After a lot of debugging, I’ve found that my worker processes end up using no CPU and only the main process seems to be using CPU to preprocess the batch data. As far as I understand, each of the worker processes should use the __getitem__
function of the DataLoader independently (during which I just load NumPy files and perform transformations on them). Perhaps all the workers are relying on the main process to perform the transforms for some reason? Any suggestions on to why this might be?
Original post:
I’m having trouble finding the bottleneck in training time for my code. For some reason, it appears setting num_workers=0
results in the fastest training. I ran a series of experiments comparing training speeds under various conditions, and I can’t seem to figure out why num_workers=0
would produce the fastest speed.
During my experiments, I’ve been monitoring the CPU and memory (using glances) and neither seems to come anywhere near being maximally used. Except, in the case where I’m using num_workers=0
, then the CPU the main process is running on is almost always at 100% usage. Again though, for some reason, this is when training seems to run the fastest. The GPU processing only spikes occasionally (when a batch is being run), but most of the time it just seems to be idling. Turning pin_memory
off and on for the DataLoader
s results in no speed difference. Reading data from the SSD does not seem to be the limiting factor (I tried setting the DataLoader to just remember the examples it already loaded and not load another file to test if disk read speed was limiting, but even with this setup, num_workers=0
was still fastest). The only factor I can think of that I’m not directly monitoring is the transfer speed from memory to GPU memory, but I wouldn’t expect this to be the limiting factor, and I would expect pin_memory
to result in a change here.
Just in case some more details are helpful, my speed experiments consisted of the following. Each batch consists of 100 images. The images and their corresponding labels have significant transforms applied to them in the DataLoader
. A patch of the image is extracted and the remainder of the transforms depends on what’s in that patch, so these transforms can only be preformed after the patch is extracted. Trying to save every permutation of this preprocessed data would require too much storage, which is why the transforms are applied during training. Timing 10 batches of processing with num_workers=0
takes ~5.5s. With num_workers=1
it takes ~7s and num_workers=4
takes ~10s (again noting that each of these trials with pin_memory
seemed to have no impact on speed).
Given that with num_workers=0
, I can clearly see the individual CPU core the main process is running on is nearly always at 100%, it seems strange that adding more workers would decrease the speed. And when running multiple workers it’s slower despite no obvious bottleneck seems strange to me. Can anyone suggest what I might be doing wrong? Thank you for your time.
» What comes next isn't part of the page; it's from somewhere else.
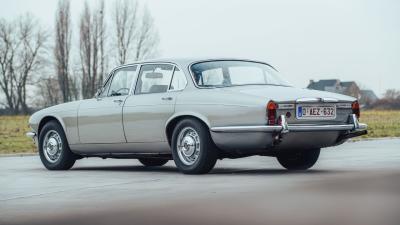 1974 Daimler Double-Six Series II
Original post update (GAN):
After writing the above, I considered one additional factor that may be worth noting. I’m working with a GAN, where both labeled and unlabeled data is being passed to the network. Because of this, I have two DataLoader
s passing batches to the network. Does having two separate DataLoader
s trying to access the same input to the network cause trouble (especially in regards to pinning memory)? And if so, is there a way to avoid this problem?
Original post update 2 (Workers don’t seem to be using CPU):
Strangely, it doesn’t seem any of my worker processes end up using any CPU. As far as I understand, each of the worker processes should use the __getitem__
function of the DataLoader independently (during which I just load NumPy files and perform transformations on them). Perhaps all the workers are relying on the main process to perform the transforms for some reason? Any suggestions on to why this might be?